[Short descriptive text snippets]
---+---

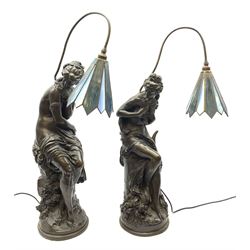 A pair of bronzed table lamps, modelled as female figures, with dark and light blue leaded glass shades, overall H79cm. 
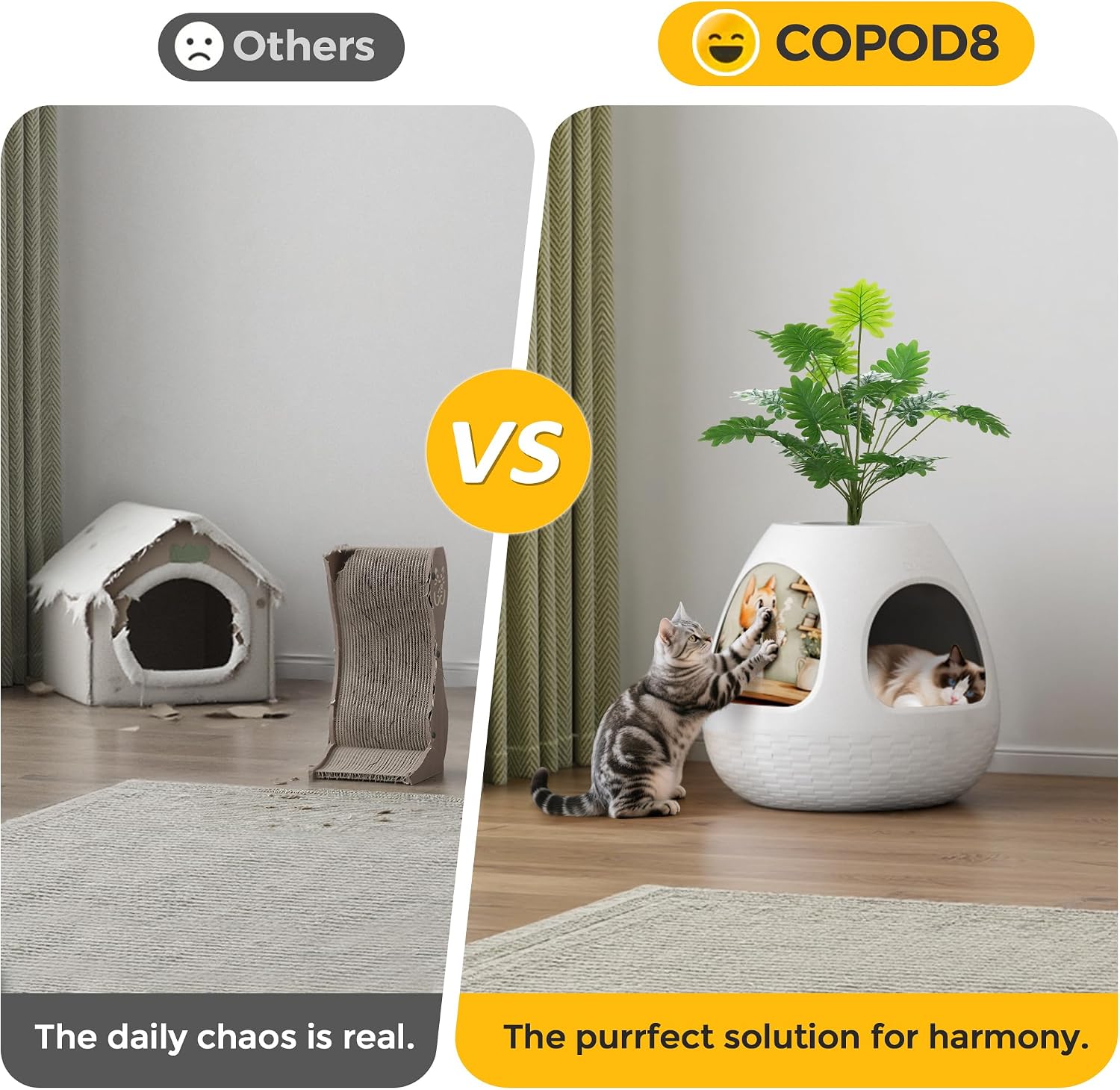 Copod8 Cat Cave, 3-in-1 Kitty House Condo with Plant, Cat Cushioned Bed, Cat Scratchers, Modern Cat Pet Furniture for Indoor, Kitty Hiding Spot (White, M)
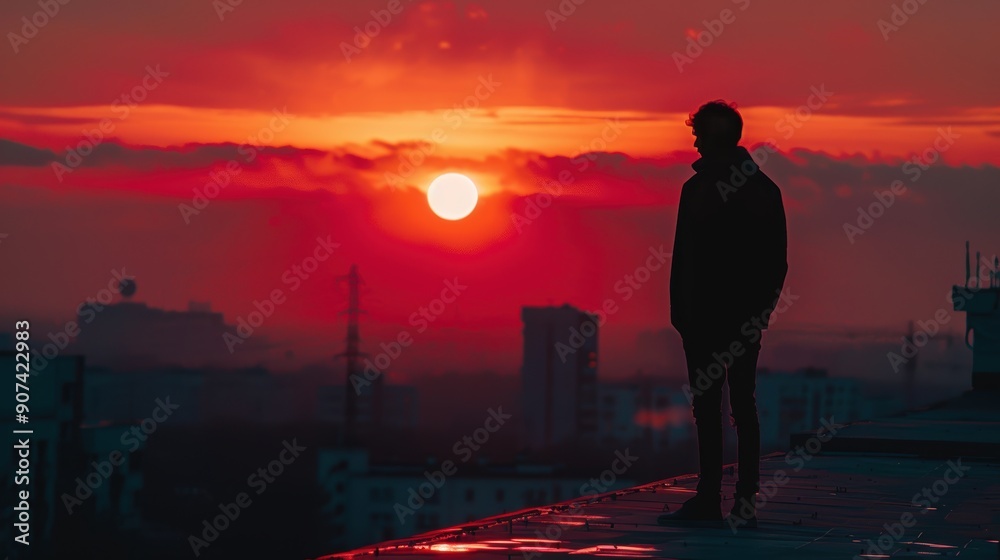 Fototapeta premium Silhouette of a person standing on a rooftop at sunset 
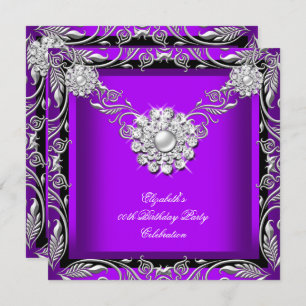 Invitation Élégante fête d'anniversaire Royal Purple Black Si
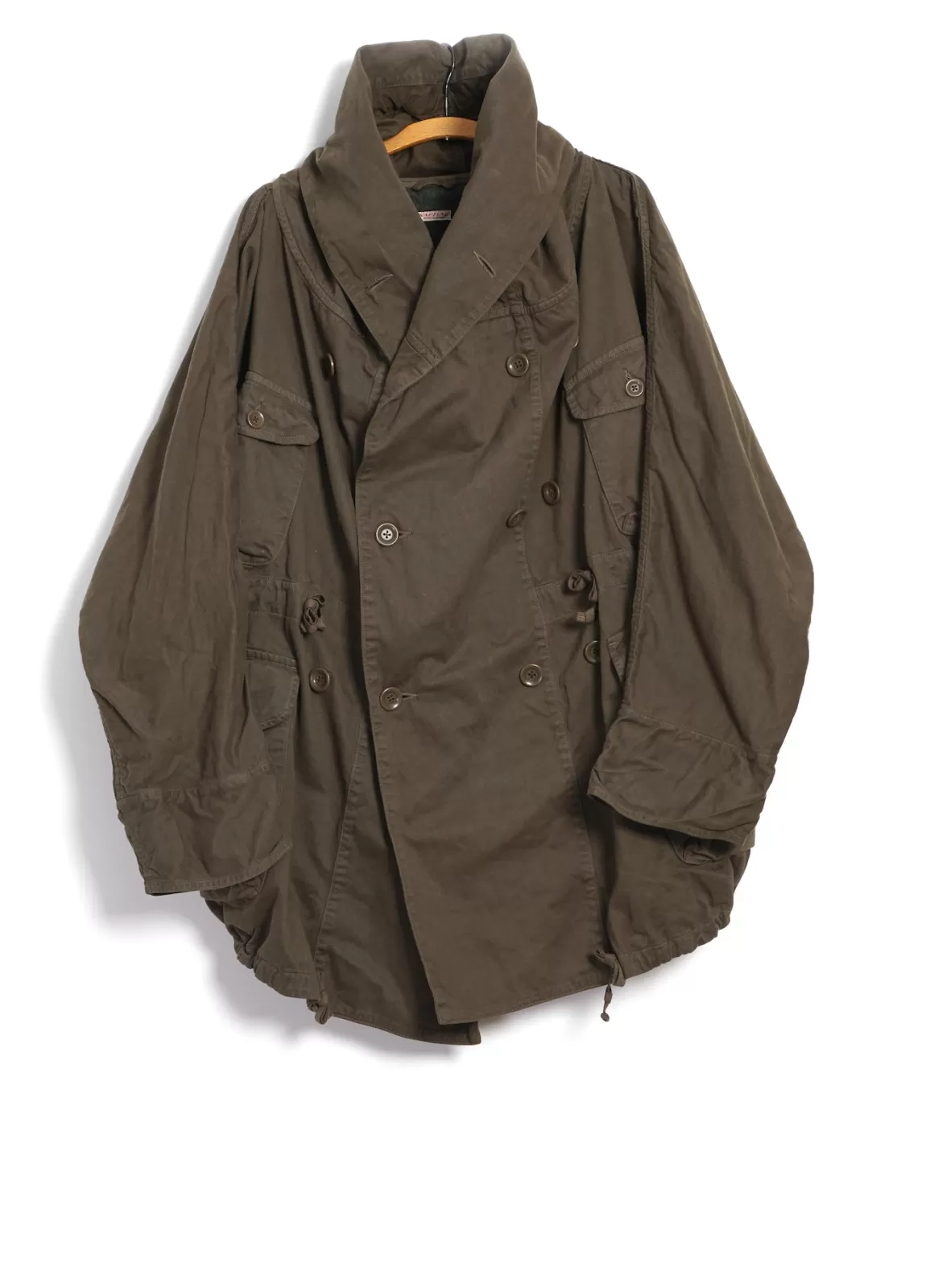 Online Katsuragi | Cotton Ring Coat | Khaki Jacket & Coats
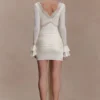 Electra Slinky Lace Mini Dress – Ivory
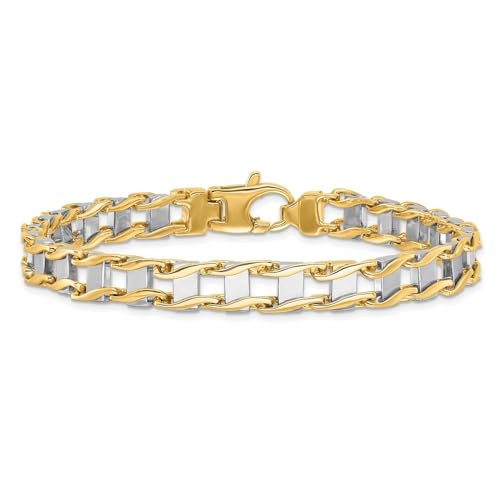 14K Two-tone Gold 7.5mm Hand-polished Fancy Link Chain Bracelet 8.5"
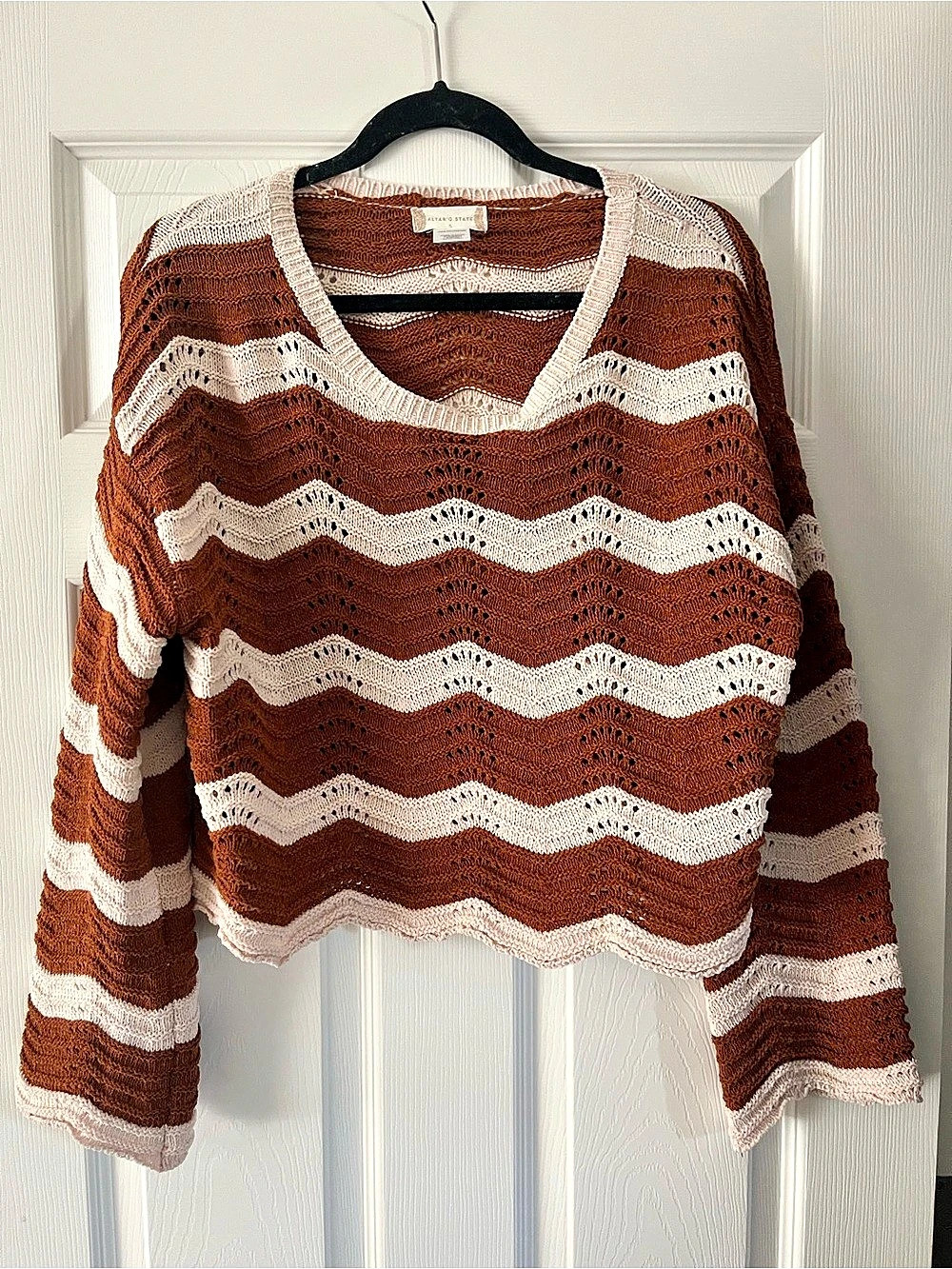 Altar'd State Striped Crochet Crop Sweater Brown & Cream Small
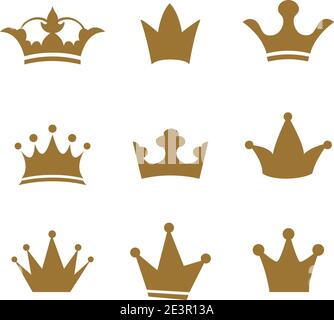 Setzen Sie goldene Zeichen Krone. Design moderne Logos Königin Krone für Business. Vektorlogotyp auf weißem Hintergrund isoliert. Stock Vektor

---+---

→ **What you will do**
Could you set down the data exactly as given, minus its pictures?

→ **Response to the task**
 A pair of bronzed table lamps, modelled as female figures, with dark and light blue leaded glass shades, overall H79cm. 
 Copod8 Cat Cave, 3-in-1 Kitty House Condo with Plant, Cat Cushioned Bed, Cat Scratchers, Modern Cat Pet Furniture for Indoor, Kitty Hiding Spot (White, M)
 Fototapeta premium Silhouette of a person standing on a rooftop at sunset 
 Invitation Élégante fête d'anniversaire Royal Purple Black Si
 Online Katsuragi | Cotton Ring Coat | Khaki Jacket & Coats
 Electra Slinky Lace Mini Dress – Ivory
 14K Two-tone Gold 7.5mm Hand-polished Fancy Link Chain Bracelet 8.5"
 Altar'd State Striped Crochet Crop Sweater Brown & Cream Small
 Setzen Sie goldene Zeichen Krone. Design moderne Logos Königin Krone für Business. Vektorlogotyp auf weißem Hintergrund isoliert. Stock Vektor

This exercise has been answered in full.